Long noncoding RNAs (lncRNAs) are longer segments of RNA initially thought to be non-functional. However, growing evidence suggests lncRNAs are widely involved in disease processes by interacting with and blocking miRNA. In this way, long noncoding RNAs may also work to regulate protein production.

Many lncRNAs are generated at different levels (differentially expressed) in rat models of PH compared to healthy rats. These findings led to the discovery of PH-related lncRNAs, but how lncRNAs, miRNAs, and mRNAs interact in PH has not been examined.

Researchers in China constructed a lncRNA–miRNA–mRNA network by screening for differentially expressed RNAs in rats with induced PH to further understand the disease’s underlying biology.

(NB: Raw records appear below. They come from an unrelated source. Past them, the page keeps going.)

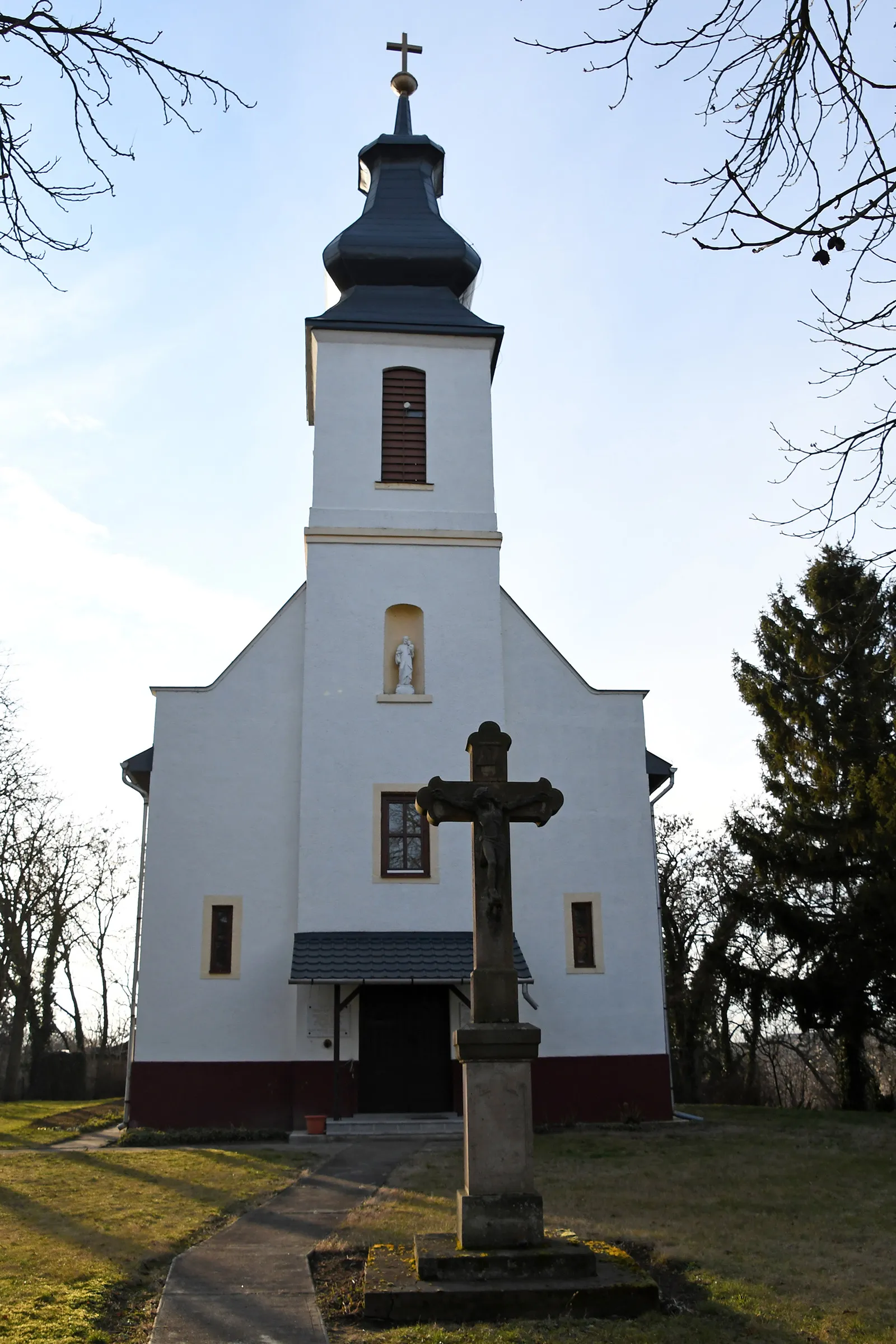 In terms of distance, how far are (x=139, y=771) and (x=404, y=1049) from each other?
623cm

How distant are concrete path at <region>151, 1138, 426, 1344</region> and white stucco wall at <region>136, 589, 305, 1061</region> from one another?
683 centimetres

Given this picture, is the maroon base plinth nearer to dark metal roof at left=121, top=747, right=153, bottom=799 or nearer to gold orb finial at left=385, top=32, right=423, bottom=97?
dark metal roof at left=121, top=747, right=153, bottom=799

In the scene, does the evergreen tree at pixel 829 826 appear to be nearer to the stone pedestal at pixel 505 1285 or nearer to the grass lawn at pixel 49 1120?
the grass lawn at pixel 49 1120

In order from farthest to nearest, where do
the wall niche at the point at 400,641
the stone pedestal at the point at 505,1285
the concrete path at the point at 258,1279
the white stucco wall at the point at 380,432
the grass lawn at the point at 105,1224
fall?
the white stucco wall at the point at 380,432
the wall niche at the point at 400,641
the stone pedestal at the point at 505,1285
the grass lawn at the point at 105,1224
the concrete path at the point at 258,1279

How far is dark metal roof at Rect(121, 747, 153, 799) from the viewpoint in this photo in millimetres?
19234

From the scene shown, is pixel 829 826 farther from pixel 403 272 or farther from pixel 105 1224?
pixel 105 1224

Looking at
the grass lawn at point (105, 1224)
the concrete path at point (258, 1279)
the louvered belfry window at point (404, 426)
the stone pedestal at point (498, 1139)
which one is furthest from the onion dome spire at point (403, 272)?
the stone pedestal at point (498, 1139)

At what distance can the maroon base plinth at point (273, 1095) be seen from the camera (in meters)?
17.2

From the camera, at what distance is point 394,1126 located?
16531 mm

Healthy rats were exposed to low oxygen conditions (hypoxia), which led to thickened pulmonary blood vessels, high blood pressure in the heart, and enlarged heart tissue, mimicking PH in people.

Compared to healthy rats, PH rats had significantly higher expression of 31 lncRNAs (up-regulated) and lower expression of 29 lncRNAs (down-regulated). A total of 15 miRNAs were up-regulated and five were down-regulated, while 534 mRNA molecules were up-regulated and 161 were down-regulated.

Biological processes related to the differentially expressed mRNAs (and their associated proteins) included immune and inflammatory responses, the migration of immune cells, cellular response to the immune signaling protein (cytokine) interleukin-1 (IL-1), and the cell cycle.

Biological pathway analysis found these messenger RNAs were involved in cell cycle pathways, the IL-17 signaling pathway, the interactions between cytokines and their corresponding receptors, and the Toll-like receptor signaling pathway, critical for immune system function.

Computer analysis then predicted which up-regulated lncRNAs target specific down-regulated microRNAs, and which down-regulated microRNAs target up-regulated messenger RNAs. An lncRNA–miRNA–mRNA network was constructed by combining lncRNA–miRNA pairs and miRNA–mRNA pairs.

The final PH-related network was composed of seven lncRNAs that interacted with 16 microRNAs, which in turn regulated 144 messenger RNAs.

The 144 network mRNAs were associated with the cell cycle, transport of inorganic molecules (those without carbon-hydrogen bonds), small molecule binding, cytokine–cytokine receptor interactions, and the p53 signaling pathway, which responds to stressors that can disrupt DNA replication and cell division. In addition, they identified 19 genes central to the network.

The expression of nine selected RNAs (three lncRNAs, two miRNAs, and four mRNAs) was consistent with the results, as confirmed by a method called qualtitative polymerase chain reaction.

“Thus, we propose that the seven [differentially expressed] lncRNAs in the [RNA] network may serve as molecular sponges of the corresponding miRNAs to regulate mRNA expression and participate in the occurrence and development of [PH],” the scientists wrote.

Stressing that further studies are needed to better determine the processes linking noncoding RNAs with PH development, the team highlighted the small number of animals used was one of their study’s limitations.